Does gluten free beer wort it?

Homebrew Talk - Beer, Wine, Mead, & Cider Brewing Discussion Forum

Help Support Homebrew Talk - Beer, Wine, Mead, & Cider Brewing Discussion Forum:

This site may earn a commission from merchant affiliate links, including eBay, Amazon, and others.

TLProulx

Active Member
Joined
Dec 8, 2010
Messages
34
Reaction score
0
Location
Montreal
Hello,

so I was at my local homebrew store for buying grains for a 2.0 Black IPA (BYO recipe) and they didn't had dried rice extract. They sold me liquid rice extract.
After brewing, I had some extract left. They told me that it is used by gluten-free brewer. So that leave me wondering what does gluten free beer taste like vs standard beer.

Is it wort it to make a gluten free beer (only for "fun") or it isn't as good as ordinary beer so I shouldn't trouble myself?

Thanks,
 
Some gluten-free beers taste like dirt, and not as a euphemism, they taste earthy, which is not necessarily bad. Others are a nice balance between the earthy sorghum and the slightly malty brown rice extract and are delicious.

There is a thread on here for a gluten free light lager using sorghum, rice extract, and honey and it is just amazing.

Give it a shot, you might like it. It is not worth trying to compare the taste of a grain based beer to a gluten free beer. While some characteristics are comparable, it is really a different animal. It is probably unfair to the gluten-free beer to compare it to a grain-based beer.
 
Just a slight correction, you keep saying "grain based beer" in reference to barley/wheat/rye beer, inferring that there are no grains in gf beer. Gluten free beer is grain based, just not barley/wheat/rye.
 
Just a slight correction, you keep saying "grain based beer" in reference to barley/wheat/rye beer, inferring that there are no grains in gf beer. Gluten free beer is grain based, just not barley/wheat/rye.

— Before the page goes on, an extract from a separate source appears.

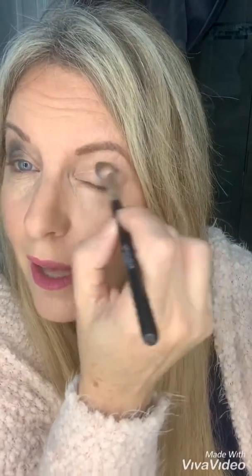Step number one, you're gonna take the color tearful and you are going to create a little V in your crease as a transition color. You're just gonna take a little bit with our fluffy crease brush and just super easy, light to the touch.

Indeed sir, thanks for pointing that out.
 
Some gluten-free beers taste like dirt, and not as a euphemism, they taste earthy, which is not necessarily bad. Others are a nice balance between the earthy sorghum and the slightly malty brown rice extract and are delicious.

There is a thread on here for a gluten free light lager using sorghum, rice extract, and honey and it is just amazing.

Give it a shot, you might like it. It is not worth trying to compare the taste of a grain based beer to a gluten free beer. While some characteristics are comparable, it is really a different animal. It is probably unfair to the gluten-free beer to compare it to a grain-based beer.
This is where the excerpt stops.